-- Opening Marker --

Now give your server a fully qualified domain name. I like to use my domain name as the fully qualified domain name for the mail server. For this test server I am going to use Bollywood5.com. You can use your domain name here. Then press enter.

-- Closing Marker --
-- Opening Marker --

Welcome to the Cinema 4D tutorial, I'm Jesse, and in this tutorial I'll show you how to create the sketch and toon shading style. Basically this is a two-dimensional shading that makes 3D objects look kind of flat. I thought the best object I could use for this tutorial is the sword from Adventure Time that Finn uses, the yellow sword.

-- Closing Marker --
-- Opening Marker --

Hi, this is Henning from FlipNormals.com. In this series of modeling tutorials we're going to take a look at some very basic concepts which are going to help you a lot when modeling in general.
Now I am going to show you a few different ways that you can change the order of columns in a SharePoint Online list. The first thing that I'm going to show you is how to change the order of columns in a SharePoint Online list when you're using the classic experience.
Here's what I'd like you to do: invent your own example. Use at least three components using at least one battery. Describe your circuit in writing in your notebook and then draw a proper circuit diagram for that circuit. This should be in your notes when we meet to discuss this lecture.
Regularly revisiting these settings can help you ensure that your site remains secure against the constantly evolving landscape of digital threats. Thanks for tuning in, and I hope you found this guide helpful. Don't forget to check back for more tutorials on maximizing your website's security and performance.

-- Closing Marker --

Problem to solve:
Taking the entries above, write out exactly the lines starting with the line containing "Hi, this is" and going on through the line containing "Regularly revisiting these", both included, and nothing else.

Written answer:
Hi, this is Henning from FlipNormals.com. In this series of modeling tutorials we're going to take a look at some very basic concepts which are going to help you a lot when modeling in general.
Now I am going to show you a few different ways that you can change the order of columns in a SharePoint Online list. The first thing that I'm going to show you is how to change the order of columns in a SharePoint Online list when you're using the classic experience.
Here's what I'd like you to do: invent your own example. Use at least three components using at least one battery. Describe your circuit in writing in your notebook and then draw a proper circuit diagram for that circuit. This should be in your notes when we meet to discuss this lecture.
Regularly revisiting these settings can help you ensure that your site remains secure against the constantly evolving landscape of digital threats. Thanks for tuning in, and I hope you found this guide helpful. Don't forget to check back for more tutorials on maximizing your website's security and performance.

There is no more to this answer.